2 questions: factoring and inequalities

[Big_Blue824]

Hello
My first question is about inequality factoring.
If you look at the attached picture, you'll notice at step two, which is, "write the nonzero side as one fraction," the denominator of the variable fraction has a changed sign, and the fraction we multiply the -2 by has the same changed sign. Why'd the sign change, whats going on?



My second question is about factoring. So, given the inequality
2x²-x>3, my work is as follows
2x²-x-3>0
Now at this point, I've been told that "In simple cases, find two numbers that multiply together to give AC that when added together, also give B" with regards to the equation Ax²+Bx+C=0
However, when I attempt to use this method here, I end up with the two numbers -3 and 2, when the correctly factored form uses -3 and 1, as
(2x-3)(x+1)>0
Did I perform the method wrong? Is there some special circumstance I'm not aware of which must be true in order to use it? Is it more of a random hit or miss type thing? And in that case, is there another method I should be using instead?
I'm really not a fan of guess and check

Thanks for reading

 

[Big_Blue824]

ALRIGHT, so as to the first question, its just a typo.

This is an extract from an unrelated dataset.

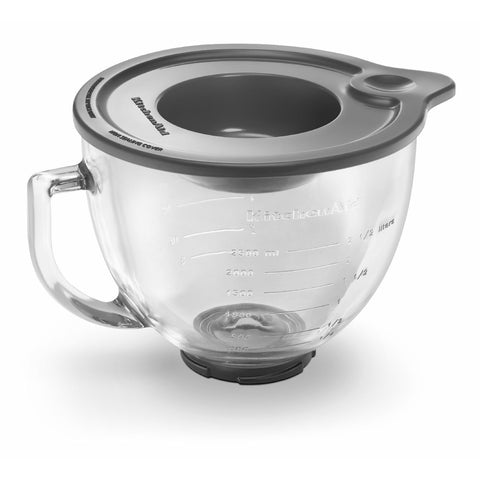Glass mixing bowl for tilt-head mixer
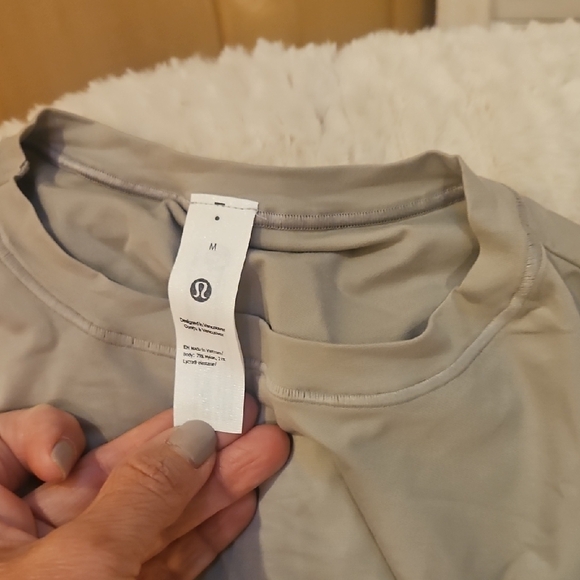 Lululemon Long Sleeve Top, Beige/Gray, Ultra Soft Nulu Fabric, Medium, NWT - Picture 5 of 9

Still curious about the second one though

 

[OmarMohamedKhallaf]

For the first question I think the problem is that [MATH]\frac{x-4}{x-5}[/MATH] is a typo and it must be [MATH]\frac{x-4}{x+5}[/MATH].
For the second question: Factoring Quadratics

 

[Dr.Peterson]

Yes, the first is clearly a typo, and you should take the problem as being [MATH]\frac{x-4}{x+5} > 2[/MATH].

As for the AC method of factoring, you have to split the middle term using your two numbers and factor by grouping: 2x² - 3x + 2x - 3. You can't just write the two factors immediately.

 

[Deleted member 4993]

For the first question I think the problem is that [MATH]\frac{x-4}{x-5}[/MATH] is a typo and it must be [MATH]\frac{x-4}{x+5}[/MATH].
For the second question: Factoring Quadratics

If the original problem was:

\(\displaystyle \frac{x-4}{x-5} > 2\)

Then you should continue to have (x-5) in the denominator. The typo happens on the line designated step 2

 

[OmarMohamedKhallaf]

If the original problem was:

\(\displaystyle \frac{x-4}{x-5} > 2\)

Then you should continue to have (x-5) in the denominator. The typo happens on the line designated step 2

I tried both:
[MATH]\frac{x-4}{x-5}-2>0 \implies \frac{-x+6}{x-5}>0[/MATH]and
[MATH]\frac{x-4}{x+5}-2>0 \implies \frac{-x-14}{x+5}[/MATH]It seems that the book meant the second one.

 

[Big_Blue824]

It was a typo

Thanks very much for all the replies!

 

[Steven G]

So what is your answer?

 

[OmarMohamedKhallaf]

Me?
I really wanted to see the rest of the answer that was in the book because I was stuck at this point [MATH]\frac{-x-14}{x+5}[/MATH], so I did some researching and here is what I found.
[MATH]\\ \because\frac{-x-14}{x+5}=\frac{-(x+14)}{x+5}>0 \\ \therefore\frac{x+14}{x+5} < 0 \\ \because\text{The result must be less than 0} \\ \therefore\text{the numerator is positive and the denominator is negative or vice versa} \\ \therefore x+14>0 \text{ and } x+5<0 \iff x>-14 \text{ and } x<-5 \\ \text{ or} \\ x+14<0 \text{ and } x+5>0 \iff x<-14 \text{ and } x>-5 \text{ (rejected)} \\ \therefore x\in\left]-14,-5\right[ [/MATH]